The claims are the latest blow to Collective Spirit which opened in Butterworth Lane in 2013 after the council was forced to hand over part of the former South Chadderton School site for the project.

Its first students will sit their GCSEs in 2018 but a deeply critical Ofsted inspection last year - described by then Oldham West and Royton MP Jim McMahon as the worst he had seen - found that it was failing to give pupils an acceptable standard of education. It was rated as the bottom grade of inadequate and placed in special measures.

And in March, the Oldham Chronicle revealed that scores of concerned parents had transferred their children to other schools or were waiting on places to become available.
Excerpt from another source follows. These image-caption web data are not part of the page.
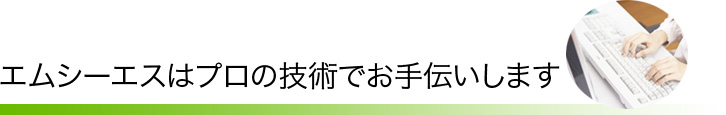 エムシーエスはプロの技術でお手伝いします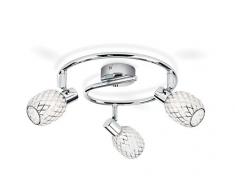 Philips Lighting Chrome Spot Light Deltoid Lampada Faretti a Spirale 3 Luci Orientabili Senza Lampadina, Bianco, 3 x 28 W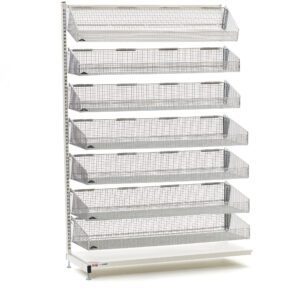 The white metal display rack, with six forward-tilted mesh shelves stacked vertically, includes a note mentioning potential size variances. Its similar to the Metro QB118-S7A qwikSIGHT Stationary Single-Sided 7-Basket Shelving Add-On Unit, 18 L.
But the member of staff, who wishes to remain anonymous, says standards at the school are even worse than described by Mr McMahon and others. And they accused the school of "fobbing off" parents' concerns with promises that never happen.

Other allegations include

* 21 members of staff leaving in the space of 12 weeks

* a teacher quitting after being bullied by pupils

* poor facilities including no heating in the sports hall which also has a leaking roof

* pupils locked in a fenced area in the playground during a fire drill when staff couldn't find the keys. The keys to get back into the school after the drill were also misplaced.

* angry parents cornering the head teacher during parents evening iwhen teachers weren't available to speak to them.

* a member of a new senior leadership team, brought in to turn-around the school after the Ofsted report, resigning in protest

* staff not being paid on time

The whistle-blower believes that the school, set up by Collective Spirit Trust, should be closed rather than taken over by a new organisation as has been mooted.

They added: "The parents complaining about the school are right. Their children aren't making progress - they can't be making progress because they are being taught by supply teachers.

"A typical child can go through the day not seeing a permanent teacher. Supply teachers have no allegiance to the school, they don't know the children's names and they are possibly only there until the end of the day. Many of them don't even make it through the day because the behaviour is so bad, they can't cope.

"There is absolutely no way the children will pass their GCSEs, how can they? There might be a few kids that pass a few GCSEs: that's because they are clever but they will never reach their full potential."

"What can a new trust they do at this point? They have got a school full of children that have missed out on one, two, three years of education. How can you save children that haven't received any education for three years? How can a new trust get them up to speed?"